Di dalam lopo ini terasa muram dan gelap, nyala api dari tungku menjadi satu-satunya sumber cahaya di dalamnya. Pada salah satu sudut terdapat dua lusin burung dara hitam yang bertengger di atas tonggak kayu. Sementara pada palang lopo tergantung batang-batang jagung yang baru saja dipanen. Mereka dibiarkan tergantung begitu saja di sebelah kiri kanan sebuah topeng kayu.
“Topeng kayu ini melambangkan wajah nenek moyang kami,” cetus Pak Mateos Anin menunjuk topeng kayu berbentuk wajah berdagu panjang yang menghadap lurus ke arah pintu masuk lopo.
Pak Anin mengajak saya berjalan berputar di setiap sudut lopo sementara setengah lusin anjing kampung berkeliaran mengikuti kami sehingga berkali-kali Pak Anin harus menendang mereka agar menyingkir. Bau kayu bakar begitu menyengat di dalam ruangan tertutup ini ketika api terus menyala-nyala memanaskan sepanci air.
Pada salah satu sudutnya, Pak Anin menunjukkan beberapa tongkat yang berasal dari abad ke-17. Tongkat-tongkat tersebut merupakan pusaka kepala suku di Fatumnasi dan diwariskan secara turun temurun. Beliau sendiri merupakan generasi kesebelas dari tetua klan Anin Fuka yang telah mendiami Fatumnasi selama berabad-abad.
“Di kursi ini anak kecil tidak boleh duduk,” kata Pak Anin sembari menunjuk ke arah sebuah bangku kayu yang di atasnya ditumpuki jerami dan kotak besi, “Menurut nenek moyang kami, apabila anak kecil duduk di sini maka dikhawatirkan pertumbuhannya nanti akan terganggu.”

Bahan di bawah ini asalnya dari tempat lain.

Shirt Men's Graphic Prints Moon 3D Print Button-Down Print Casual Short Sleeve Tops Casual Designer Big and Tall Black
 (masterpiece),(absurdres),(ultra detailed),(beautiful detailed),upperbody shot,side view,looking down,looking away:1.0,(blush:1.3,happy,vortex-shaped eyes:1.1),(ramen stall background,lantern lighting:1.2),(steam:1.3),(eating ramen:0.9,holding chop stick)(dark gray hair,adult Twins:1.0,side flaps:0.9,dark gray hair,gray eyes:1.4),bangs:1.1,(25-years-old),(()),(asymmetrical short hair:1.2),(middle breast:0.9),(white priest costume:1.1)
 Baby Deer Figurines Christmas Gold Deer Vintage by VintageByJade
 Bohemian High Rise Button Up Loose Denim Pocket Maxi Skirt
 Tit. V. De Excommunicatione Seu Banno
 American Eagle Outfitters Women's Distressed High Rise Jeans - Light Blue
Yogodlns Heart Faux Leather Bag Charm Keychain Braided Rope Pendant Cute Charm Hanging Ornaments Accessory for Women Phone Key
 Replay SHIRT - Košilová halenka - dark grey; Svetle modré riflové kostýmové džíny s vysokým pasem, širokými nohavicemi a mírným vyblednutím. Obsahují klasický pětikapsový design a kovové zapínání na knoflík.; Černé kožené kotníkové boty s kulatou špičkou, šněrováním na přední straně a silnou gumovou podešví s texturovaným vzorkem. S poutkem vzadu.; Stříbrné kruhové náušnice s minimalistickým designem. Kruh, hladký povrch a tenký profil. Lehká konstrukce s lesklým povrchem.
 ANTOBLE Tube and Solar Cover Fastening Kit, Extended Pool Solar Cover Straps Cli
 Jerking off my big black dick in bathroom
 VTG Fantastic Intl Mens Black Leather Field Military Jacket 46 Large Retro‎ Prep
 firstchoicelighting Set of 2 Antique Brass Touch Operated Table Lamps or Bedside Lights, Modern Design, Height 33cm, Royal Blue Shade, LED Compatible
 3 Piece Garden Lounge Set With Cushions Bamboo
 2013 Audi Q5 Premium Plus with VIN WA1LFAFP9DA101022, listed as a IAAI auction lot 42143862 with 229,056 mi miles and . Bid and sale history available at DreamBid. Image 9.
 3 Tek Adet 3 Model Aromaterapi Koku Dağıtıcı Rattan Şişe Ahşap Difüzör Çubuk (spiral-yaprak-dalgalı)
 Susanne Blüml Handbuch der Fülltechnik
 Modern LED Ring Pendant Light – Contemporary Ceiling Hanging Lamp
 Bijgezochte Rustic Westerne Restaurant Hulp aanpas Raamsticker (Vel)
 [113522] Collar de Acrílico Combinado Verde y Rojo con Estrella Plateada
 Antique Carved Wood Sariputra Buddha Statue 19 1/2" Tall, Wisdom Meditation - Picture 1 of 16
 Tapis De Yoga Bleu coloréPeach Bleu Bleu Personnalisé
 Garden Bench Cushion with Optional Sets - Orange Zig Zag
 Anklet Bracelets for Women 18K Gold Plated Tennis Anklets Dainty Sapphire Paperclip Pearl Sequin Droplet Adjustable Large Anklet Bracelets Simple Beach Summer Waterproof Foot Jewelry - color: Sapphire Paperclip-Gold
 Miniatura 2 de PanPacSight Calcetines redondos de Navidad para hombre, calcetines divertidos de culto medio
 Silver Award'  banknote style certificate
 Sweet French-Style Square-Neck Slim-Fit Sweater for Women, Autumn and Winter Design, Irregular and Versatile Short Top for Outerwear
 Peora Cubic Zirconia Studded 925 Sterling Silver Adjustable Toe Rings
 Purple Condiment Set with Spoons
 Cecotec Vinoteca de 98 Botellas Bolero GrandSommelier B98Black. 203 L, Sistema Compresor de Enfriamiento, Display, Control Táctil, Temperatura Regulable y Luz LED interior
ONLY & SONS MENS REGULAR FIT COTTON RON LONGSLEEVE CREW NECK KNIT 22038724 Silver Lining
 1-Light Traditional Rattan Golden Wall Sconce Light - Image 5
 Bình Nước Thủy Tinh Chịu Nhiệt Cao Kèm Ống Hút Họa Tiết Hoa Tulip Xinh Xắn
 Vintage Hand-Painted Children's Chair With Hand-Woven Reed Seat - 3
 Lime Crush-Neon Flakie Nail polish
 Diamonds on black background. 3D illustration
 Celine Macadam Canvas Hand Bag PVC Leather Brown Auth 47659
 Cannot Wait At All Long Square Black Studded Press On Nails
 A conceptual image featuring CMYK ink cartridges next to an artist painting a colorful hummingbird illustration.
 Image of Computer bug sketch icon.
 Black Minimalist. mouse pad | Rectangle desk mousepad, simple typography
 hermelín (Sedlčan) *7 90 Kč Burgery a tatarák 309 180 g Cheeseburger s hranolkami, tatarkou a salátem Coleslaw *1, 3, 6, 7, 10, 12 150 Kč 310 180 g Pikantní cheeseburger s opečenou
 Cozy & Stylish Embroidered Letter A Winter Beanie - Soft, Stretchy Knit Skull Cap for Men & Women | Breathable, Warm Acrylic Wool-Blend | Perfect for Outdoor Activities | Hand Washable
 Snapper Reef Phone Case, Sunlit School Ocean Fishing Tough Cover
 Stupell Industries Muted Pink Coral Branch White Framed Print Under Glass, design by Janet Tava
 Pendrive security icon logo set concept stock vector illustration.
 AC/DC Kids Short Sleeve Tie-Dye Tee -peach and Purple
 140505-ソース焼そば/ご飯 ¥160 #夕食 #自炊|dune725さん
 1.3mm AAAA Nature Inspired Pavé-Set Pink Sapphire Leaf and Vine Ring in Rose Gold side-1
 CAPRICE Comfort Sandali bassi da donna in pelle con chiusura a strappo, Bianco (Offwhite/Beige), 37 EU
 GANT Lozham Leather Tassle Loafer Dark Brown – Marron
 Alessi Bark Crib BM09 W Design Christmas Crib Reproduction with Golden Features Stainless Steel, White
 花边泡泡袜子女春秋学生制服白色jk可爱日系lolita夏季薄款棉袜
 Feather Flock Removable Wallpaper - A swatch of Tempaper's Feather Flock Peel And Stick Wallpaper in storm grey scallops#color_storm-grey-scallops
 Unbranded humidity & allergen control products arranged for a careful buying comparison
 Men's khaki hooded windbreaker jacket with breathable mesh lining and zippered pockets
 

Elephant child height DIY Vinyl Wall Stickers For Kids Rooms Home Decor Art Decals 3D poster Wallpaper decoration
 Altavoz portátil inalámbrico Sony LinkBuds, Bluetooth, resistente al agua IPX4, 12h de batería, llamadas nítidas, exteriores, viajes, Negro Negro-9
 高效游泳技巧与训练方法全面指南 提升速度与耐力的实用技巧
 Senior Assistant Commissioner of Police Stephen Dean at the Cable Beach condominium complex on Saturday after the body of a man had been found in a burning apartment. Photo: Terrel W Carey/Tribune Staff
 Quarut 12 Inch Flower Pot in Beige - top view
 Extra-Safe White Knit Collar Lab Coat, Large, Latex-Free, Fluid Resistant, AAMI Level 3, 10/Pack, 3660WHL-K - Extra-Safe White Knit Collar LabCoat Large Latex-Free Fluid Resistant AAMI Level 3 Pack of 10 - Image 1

Tentu saja ada seribu keyakinan dan mitos di dalam suku ini. Saya dengan sabar mendengarkan satu per satu tentang apa dan bagaimana ihwal kehidupan suku ini. Salah satu yang membuat saya kagum dengan masyarakat Fatumnasi adalah usaha mereka untuk senantiasa menjaga keseimbangan dengan alam, agar tidak menimbulkan kerusakan apapun.